▶ Supplied data:
━━━━━━━━

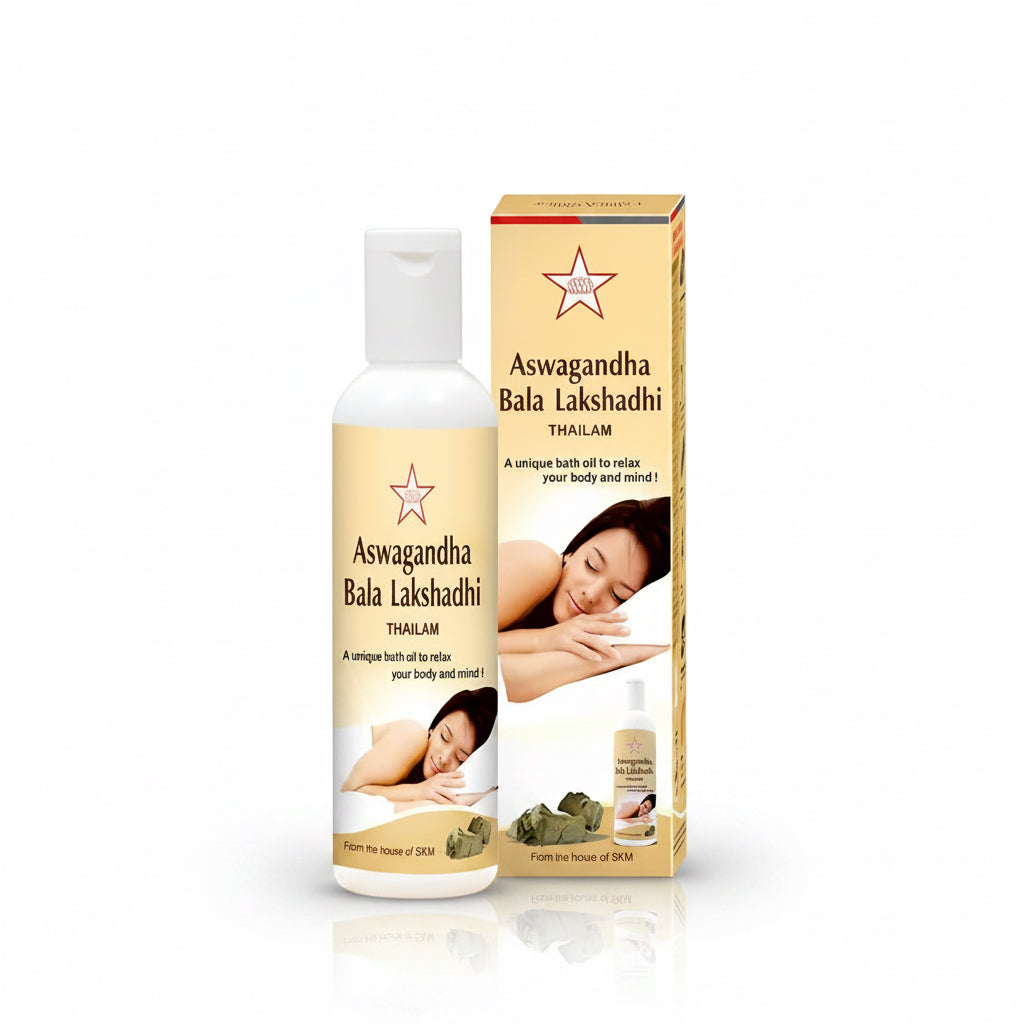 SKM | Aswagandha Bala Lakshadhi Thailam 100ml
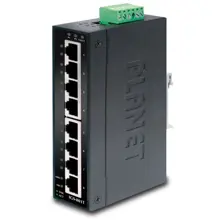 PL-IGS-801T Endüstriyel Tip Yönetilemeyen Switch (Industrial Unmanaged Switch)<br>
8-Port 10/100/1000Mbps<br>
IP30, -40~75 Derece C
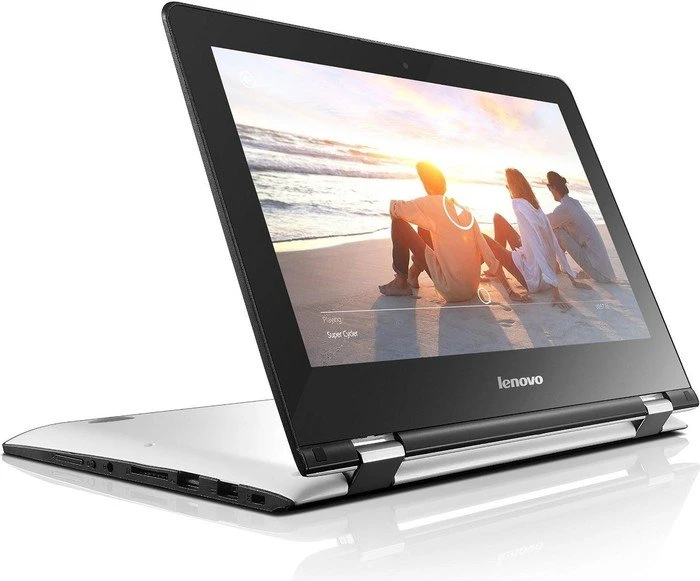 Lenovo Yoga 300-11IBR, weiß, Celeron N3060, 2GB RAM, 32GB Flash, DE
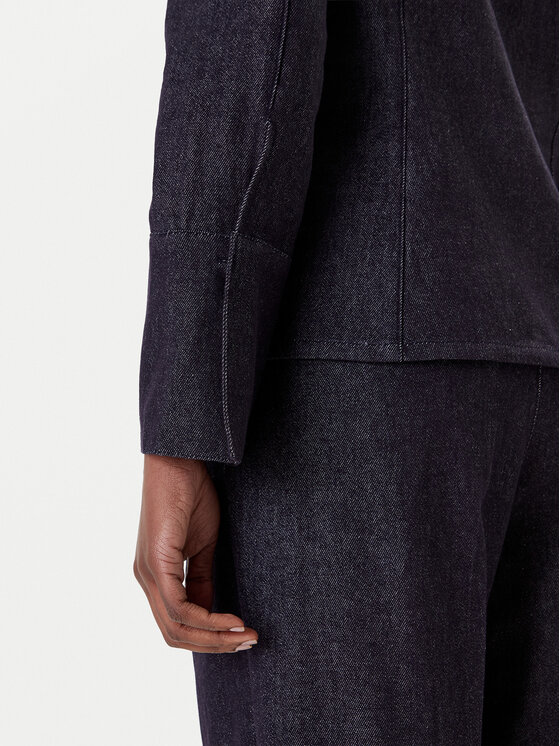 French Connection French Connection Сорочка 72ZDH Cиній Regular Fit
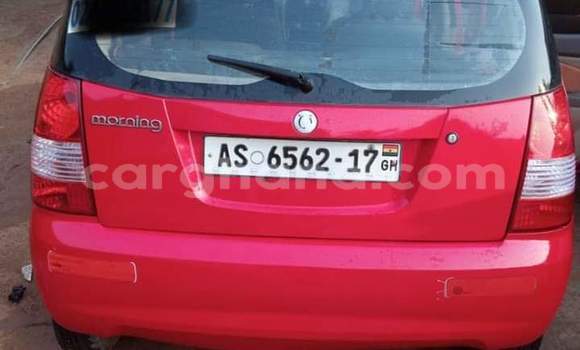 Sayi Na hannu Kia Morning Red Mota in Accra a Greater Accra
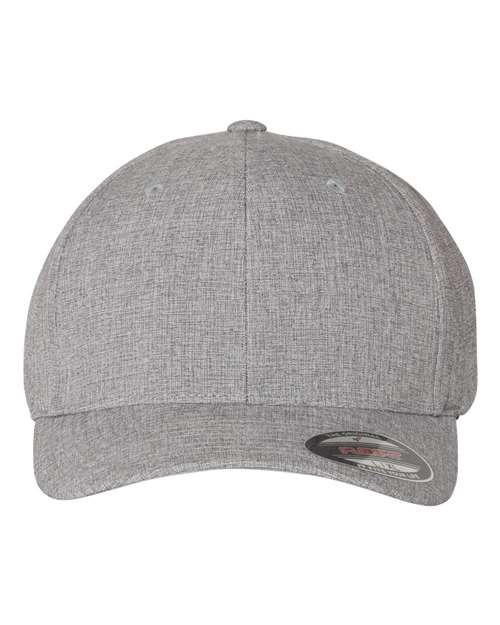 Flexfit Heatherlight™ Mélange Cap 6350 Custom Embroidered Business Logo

━━━━━━━━

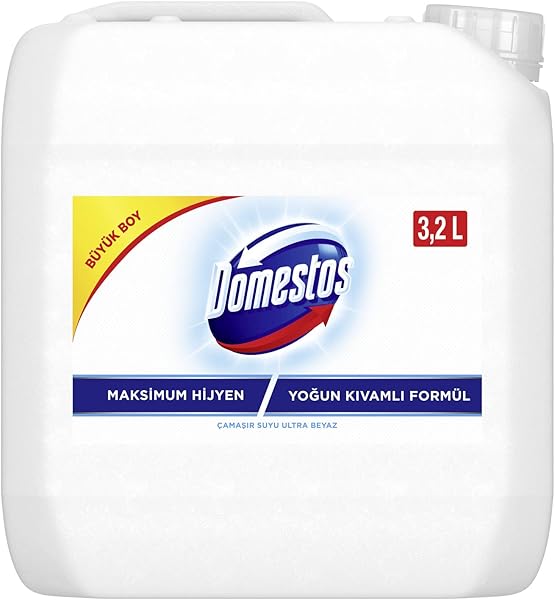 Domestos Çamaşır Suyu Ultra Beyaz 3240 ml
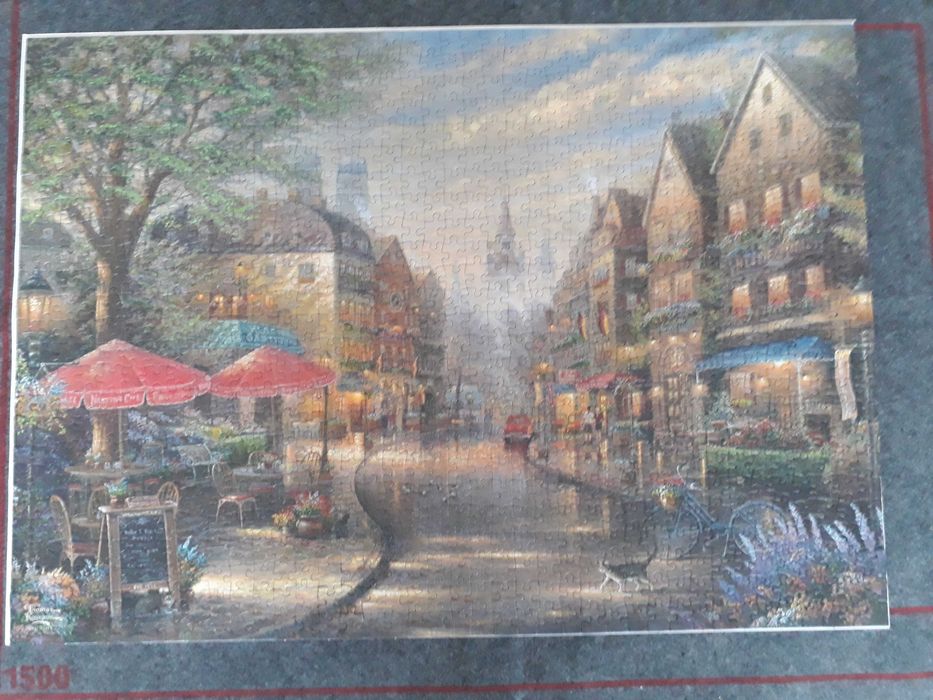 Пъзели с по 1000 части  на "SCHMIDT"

━━━━━━━━

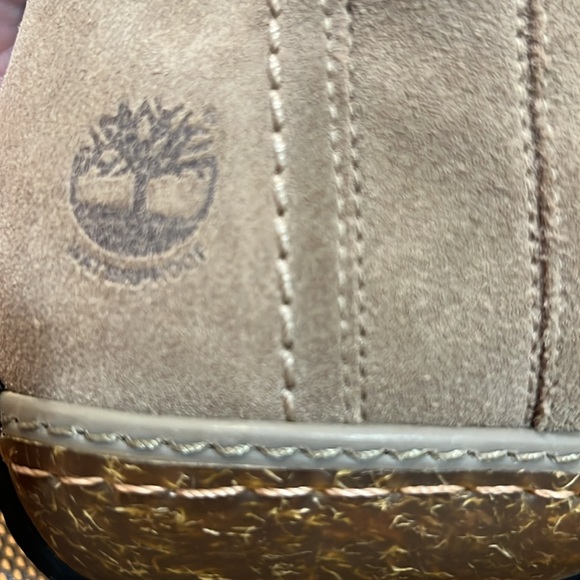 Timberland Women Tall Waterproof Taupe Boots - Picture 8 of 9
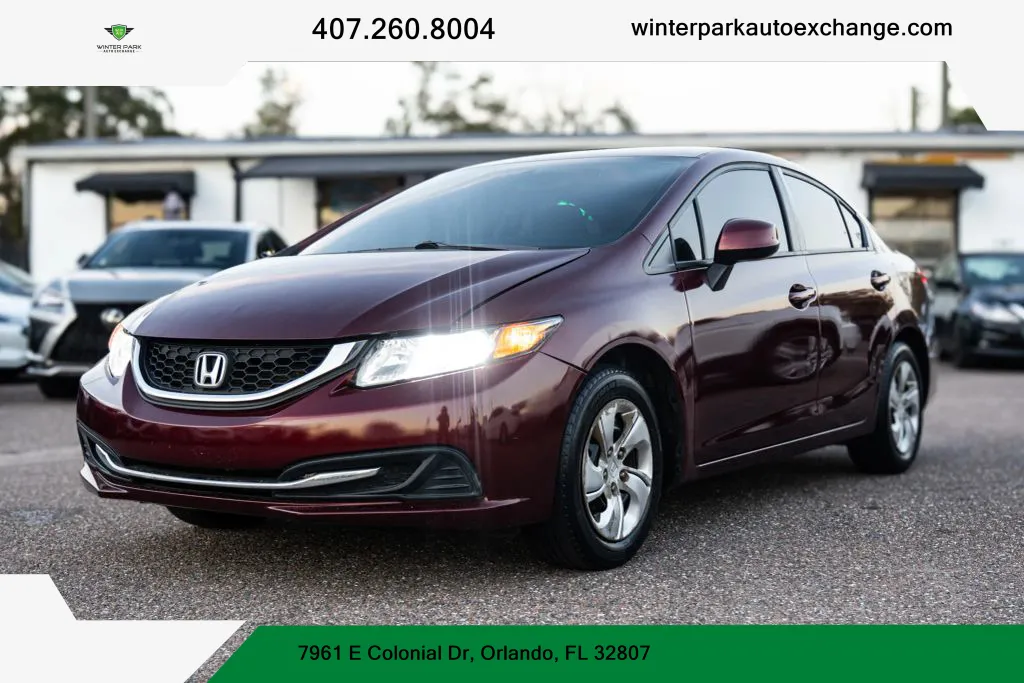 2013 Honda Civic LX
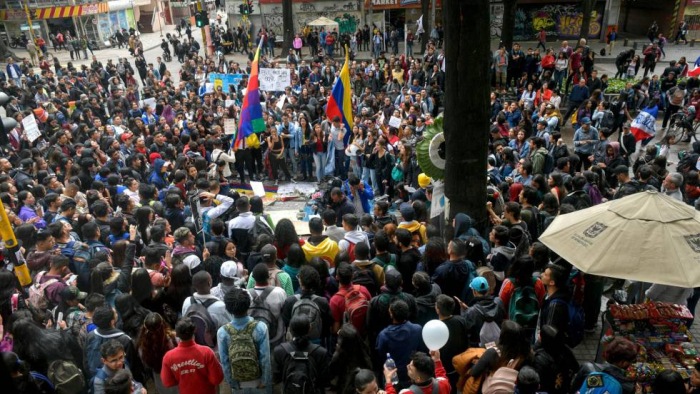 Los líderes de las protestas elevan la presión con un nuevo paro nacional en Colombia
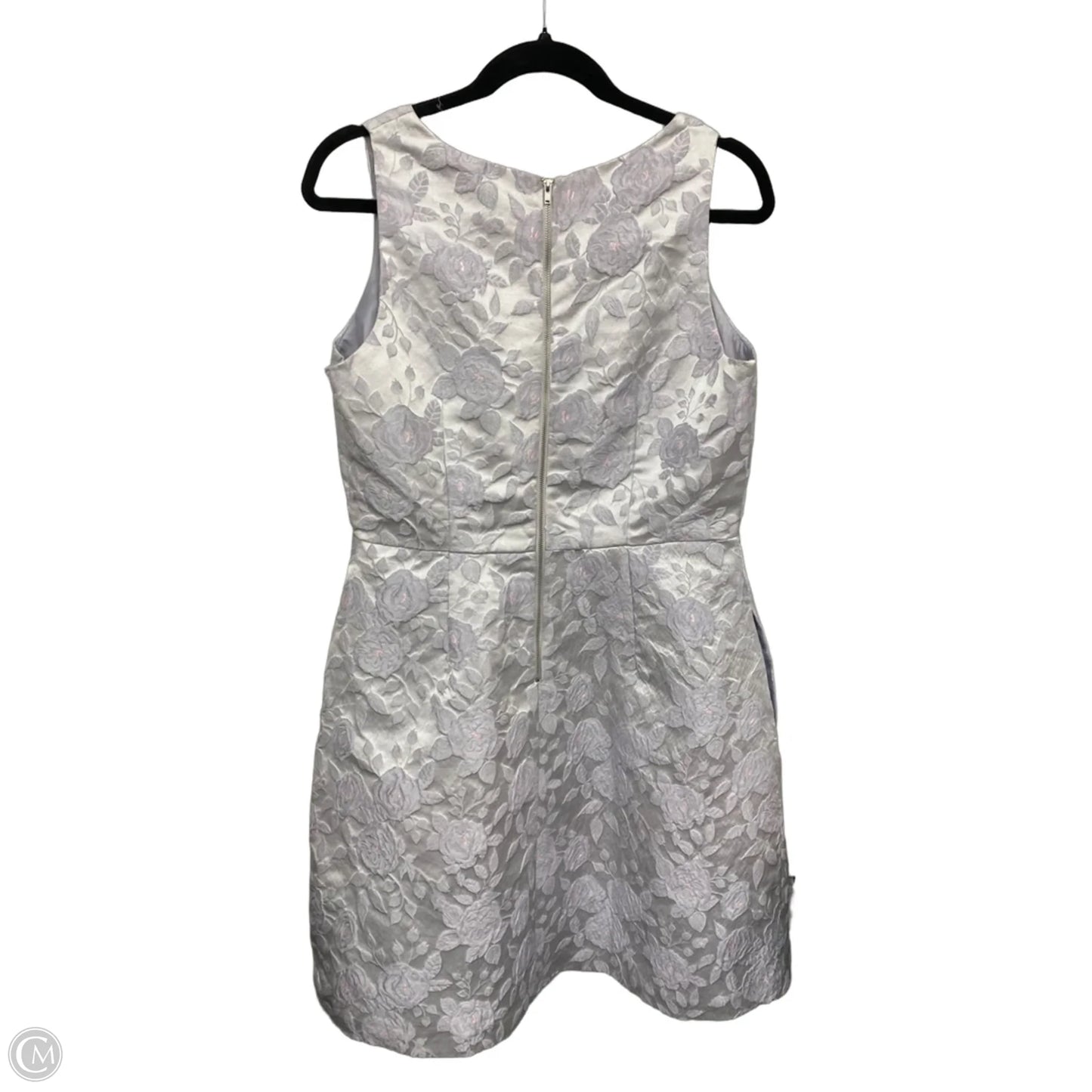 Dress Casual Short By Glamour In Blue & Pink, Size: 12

━━━━━━━━

▶ Assigned task: Excerpt from the records above: set down only the lines from the one that contains "2013 Honda Civic LX" through the one that contains "Dress Casual Short", inclusive, word for word. Pictures stay out.

▶ Answer box:
 2013 Honda Civic LX
 Los líderes de las protestas elevan la presión con un nuevo paro nacional en Colombia
 Dress Casual Short By Glamour In Blue & Pink, Size: 12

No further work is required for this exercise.